Yes that's the main reason. Frequency domains and scheduling domains don't
necessarily align. That used to be the case for big.LITTLE platforms, but
not anymore with DynamIQ ...
>
> Also, since I'm not at all familiar with DT and the OPP library stuff,
> this code is completely unreadable to me and there isn't a nice comment
> to help me along.
Right, so I can definitely fix that. Comments in the code and a better
commit message should help hopefully. And also, it has already been
suggested that a documentation file should be added alongside the code
for this patchset, so I'll make sure we add that for the next version.
In the meantime, here is a (hopefully) better explanation below.
In this specific patch, we are basically trying to figure out the
boundaries of frequency domains, and the power consumed by each CPU
at each OPP, to make them available to the scheduler. The important
thing here is that, in both cases, we rely on the OPP library to
keep the code as platform-agnostic as possible.
In the case of the frequency domains for example, the cpufreq driver is
in charge of specifying the CPUs that are sharing frequencies. That
information can come from DT, or SCPI, or SCMI, or whatever -- we
probably shouldn't have to care about that from the scheduler's
standpoint. That's why using dev_pm_opp_get_sharing_cpus() is handy,
the OPP library gives us the digested information we need.
The power values (dev_pm_opp_get_power) we use right now are those
already used by the thermal subsystem (IPA), which means we don't have
to introduce any new DT binding whatsoever. In a close future, the power
values could also come from other sources (SCMI for ex), and again it's
probably not the scheduler's job to care about those things, so the OPP
library is helping us again. As mentioned in the notes, as of today, this
approach has dependencies on other patches relating to these things which
are already on the list [1].
The rest of the code in this patch is just about iterating over the
CPUs/freq. domains/OPPs.

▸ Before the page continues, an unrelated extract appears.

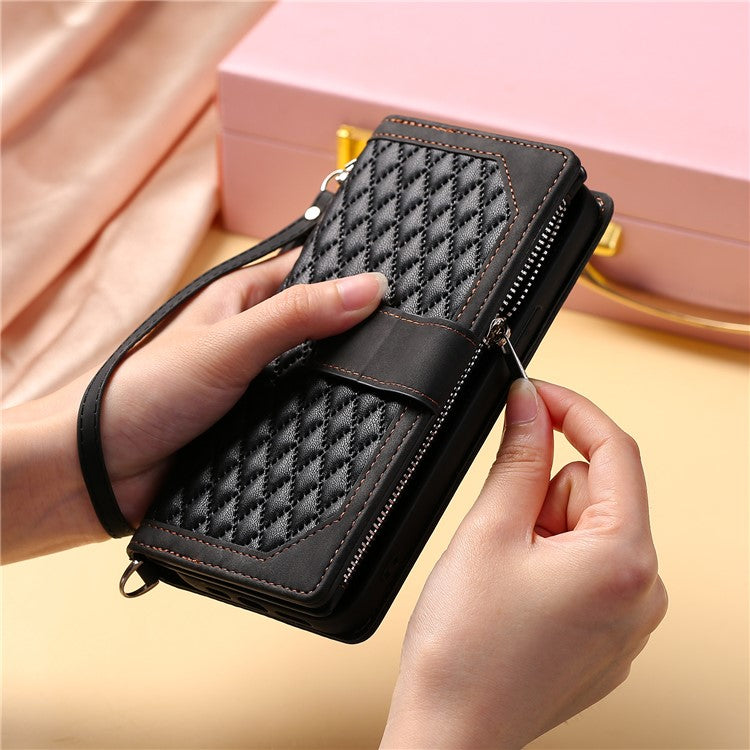 Style 005 For Xiaomi Poco C75 4G / Redmi 14R 5G / 14C 4G Zipper Wallet Case Rhombus Stitching Line PU Leather Phone Cover - Black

The algorithm is more or less the following:
1. find a frequency domain which hasn't been visited yet;
2. estimate the power and capacity of a CPU in this freq domain at each
possible OPP;
3. map all CPUs in the freq domain to this list of <capacity, power> tuples;
4. go to 1.
I hope that makes sense.
Thanks,
Quentin
[1] https://marc.info/?l=linux-pm&m=151635516419249&w=2